Was it the same for clothes?
Camacho: ”No, we didn’t make them, so they had to be bought. Or we made an exchange with the things we had, like oil. There was some control. For example, there were two pairs of shoes per year, but then there was the type who needed three pairs because he hadn’t taken care of them. He received three, but usually there was a certain control and normally people didn’t behave like that.”
Did you return from the collective before the May Days?
Camacho: ”I returned to Barcelona a few days before. I started to work again as an apprentice in my trade, as I was only fifteen. And I worked there during the tragic events of May and the counterrevolution. But I’m not going into all the question of the Spanish revolution here. We, the young libertarians, began to be persecuted by the Communist Party on the one hand and on the other we were in opposition to the CNT and the FAI for their political position in relation to the government. And this is how we lived during the war, until Barcelona was taken by Franco, and we went into exile in France.
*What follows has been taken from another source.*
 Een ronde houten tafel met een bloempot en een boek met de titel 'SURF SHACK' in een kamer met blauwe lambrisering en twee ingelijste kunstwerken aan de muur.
”In France I was put into concentration camps. First I was in St. Cyprien, then Argeles-sur-Mer, and finally Bram. From there I was sent out in a work company and I remained until the Germans cut France in half. After June 1940 I went to Bordeaux. There we made a little propaganda and sabotage until we were forced to flee to the free zone. The situation then became such in France that either we had to fight the Germans or join them. A few friends studied the situation and decided, not out of patriotism, that we would prefer to return to Spain to fight against the Spanish Fascists directly.”
When was this?
Camacho: ”It was in June 1942 in Barcelona that we tried to rebuild a Spanish resistance movement and we managed to carry out quite a few little jobs. We organized several groups of young people, people we knew already. But in December 1942 I was caught by the police. I was imprisoned and condemned to 30 years by a war council for clandestine activities and for having helped rebuild an organization which the Fascists thought they had destroyed.
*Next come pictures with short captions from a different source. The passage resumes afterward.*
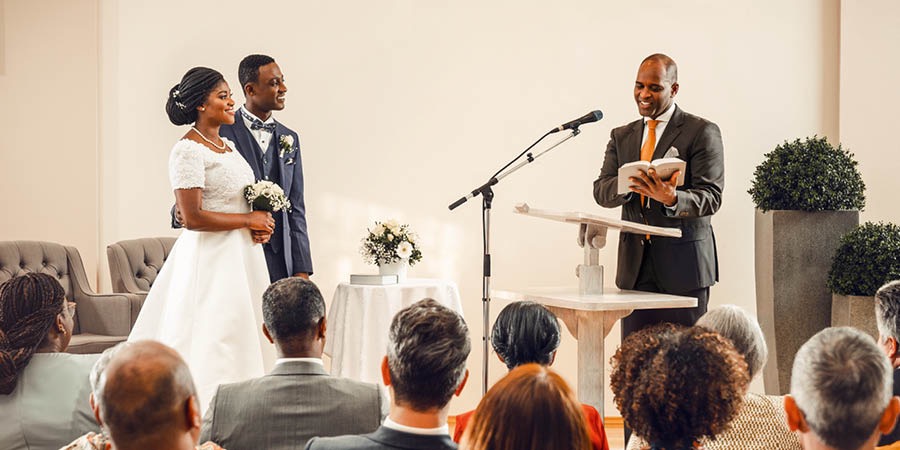 A bride and groom getting married in a Kingdom Hall. A minister of Jehovah’s Witnesses gives a Bible-based wedding talk.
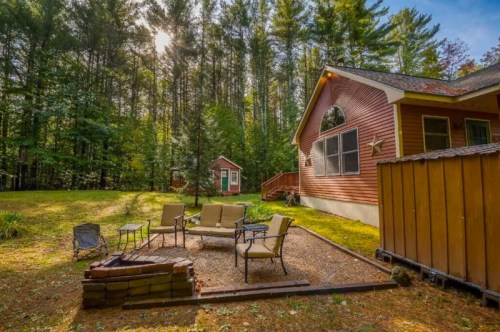 A cozy cabin surrounded by trees, featuring a fire pit and seating area in a serene outdoor setting.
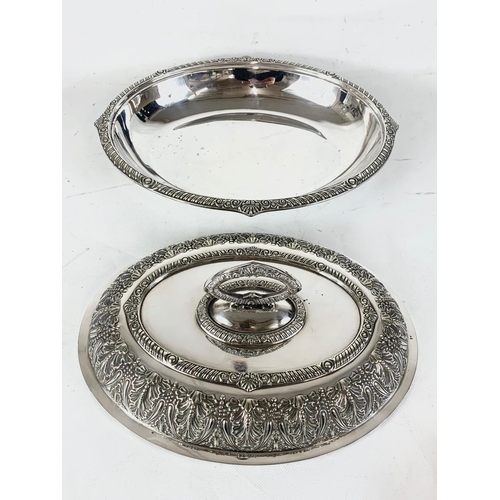 438 - A pair of good quality late 19th century ornate silver plated food servers. 31.5cm.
”In 1947 I escaped by falsifying my identity papers. It’s not worth giving you the details. Many comrades got out this way and it wasn’t the first time. Three months later I was back in another underground organization with young libertarians from Madrid. Three months after that I was back in prison again under another name, because I always used fake names. I had been picked up in Madrid but they made a new dossier for me, not knowing about the first one. This is complicated to explain, but is due in part to the disorientation and confusion in the Fascist administration. I was in prison until July 1953 when I left again by devious means and went back to Barcelona.
”At that time a National Plenum of the CNT was taking place and they were discussing the problems of the Congress that the International, the AIT, was holding in Paris. The CNT wanted to send delegates to the Congress. So I and another comrade were chosen. I came to France to attend a Congress and to stay for 8 days, and now it’s 1974 and I’m still here. Well, that is a little resumé of my life.”